Shadow communications minister Malcolm Turnbull has no doubt enjoyed the limelight since the policy was launched, despite the brickbats from his bevy of detractors. Not only has Turnbull picked up the credit for singlehandedly steering the Coalition towards a cogent, albeit limited, NBN policy, he has also managed to get stuck into the gold-plated economics of Labor’s fibre to the home (FTTH) approach.
Mind you, none of this means a thing in long run. However, it does help the Coalition sell a viable, pragmatic message to the public before the election. While many have already anointed an Abbott government to dethrone Labor, the Coalition is justifiably not leaving the NBN on the backburner.
As mentioned earlier this week, the hard work for Turnbull begins post-election, when the Coalition will have to start delivering on its promises.

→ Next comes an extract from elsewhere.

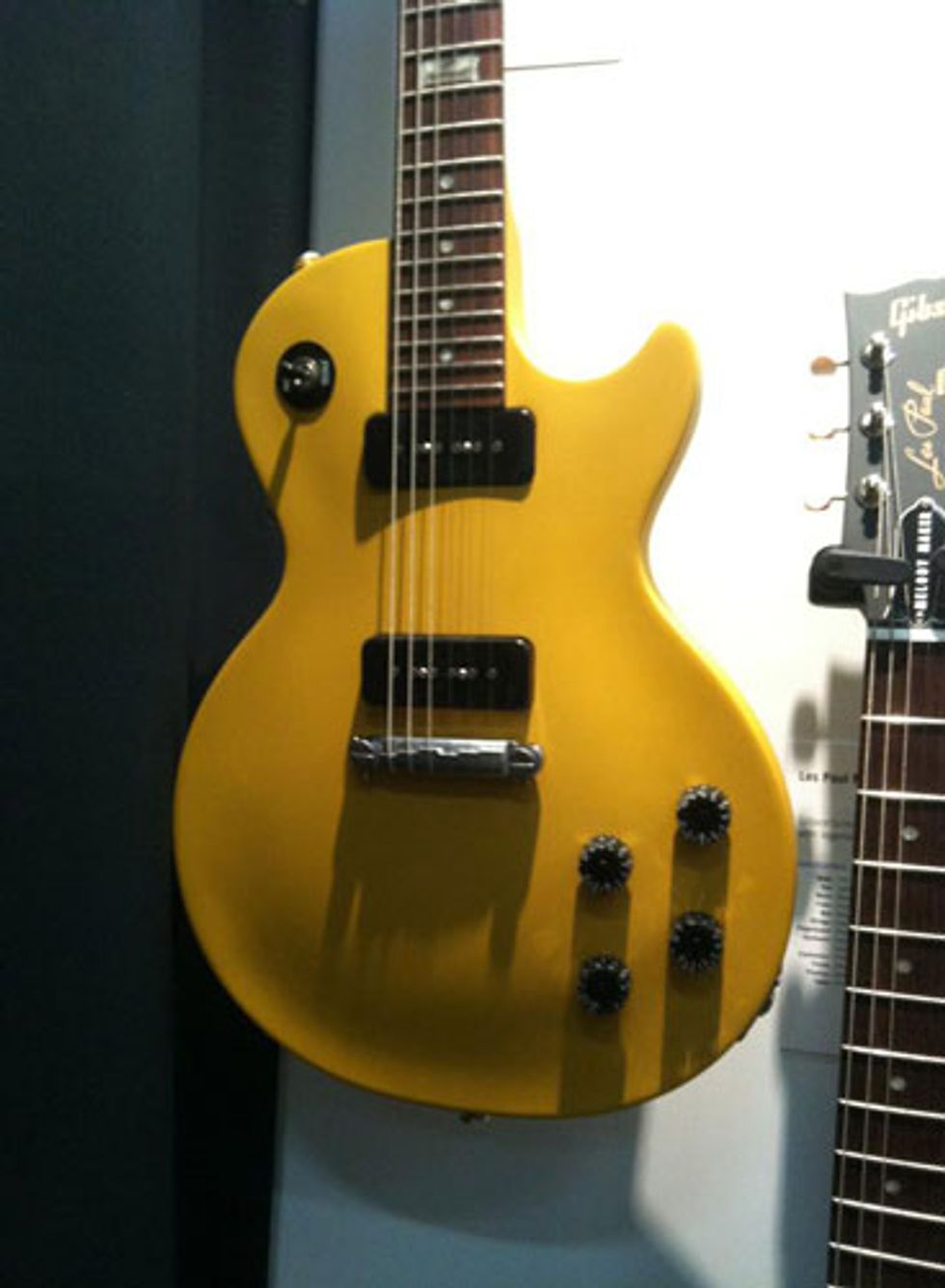 Jan14_GALL_NAMM3_GibsonMelodyMaker_WEB.jpg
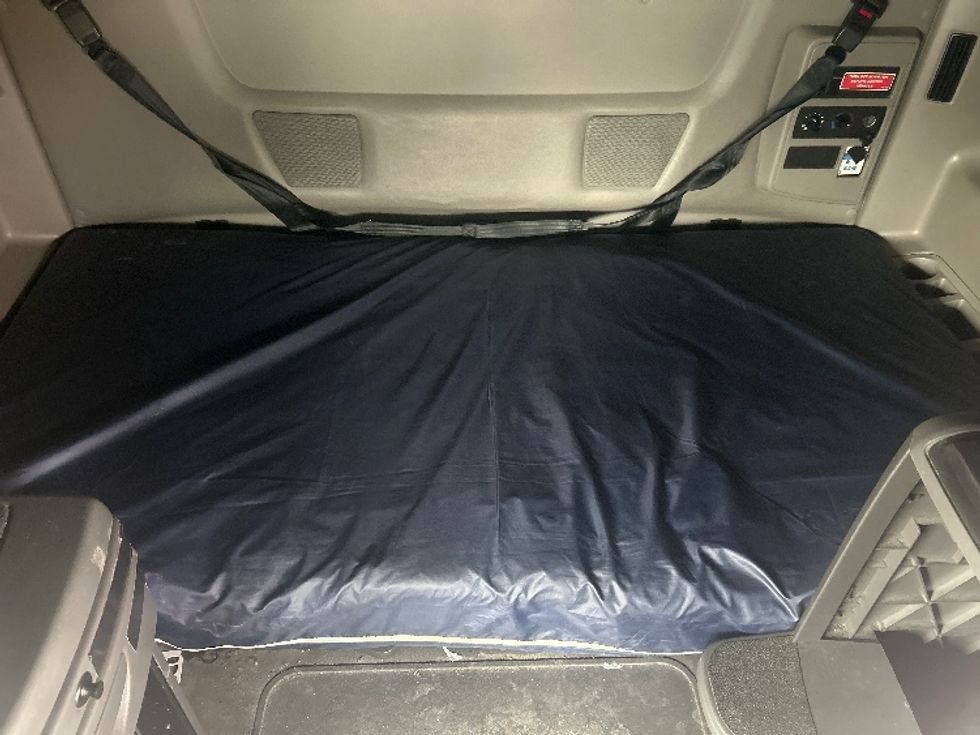 Sleeper Tractor-Heavy Duty Tractors-International-2023-LT625-Monmouth Junction-NJ-611,460\n\t\tmiles-$ 49,000 - Image 16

Now, there will be the issue of being burdened by Labor’s NBN legacy, and expect Turnbull to voice this sentiment ad nauseam once the federal election is done and dusted. However, at some point, possibly before the 2016 federal elections, that message will start to lose its resonance with the public.
For the time being, Turnbull has deliberately presented a simple, easily digestible policy, one that spruiks achievability over technology and costs over sufficiency. Presumably, the nitty gritty will be worked out after the election but Mike Quigley has a chance to make things difficult for Turnbull, provided he has the temerity to openly challenge the costs and the timetables outlined by the Coalition.
Turnbull has made it abundantly clear that a refreshed NBN Co board will have no room for Quigley, so perhaps here’s an opportunity for him to even the score. The Coalition’s NBN will be rolled out under the auspices of NBN Co and who better than Quigley to lay down a dose of reality.
The biggest threat to Turnbull’s NBN is a policy paralysis, courtesy of a convoluted regulatory process, and a fibre to the cabinet rollout stymied by the same civil construction issues that have plagued Labor.
For all its pragmatism, the Coalition’s policy provides few details on how they will achieve the delivery of their cheaper outcome. As telco analyst Paul Budde pointed out in a recent blog, maintaining the old copper network will become an increasingly expensive proposition. Meanwhile, working with an old network means there will be a fair share on unknowns and unfortunate ‘surprises’ that will start hurting both the cost and time equation.
Budde is by no means the only analyst to voice his concerns. Many analysts, even those sympathetic to Turnbull’s NBN, are concerned about execution risks and the timetables set in place.
At the very least, Quigley can use the committee hearings as a platform to inform the public of the very real risks faced by the Coalition’s technically inferior broadband solution. It would certainly be very useful for an embattled Gillard government as it counts down to the election, which could leverage the doubts raised at the hearing to question the veracity of Turnbull’s promises and the Coalition’s long-term broadband vision.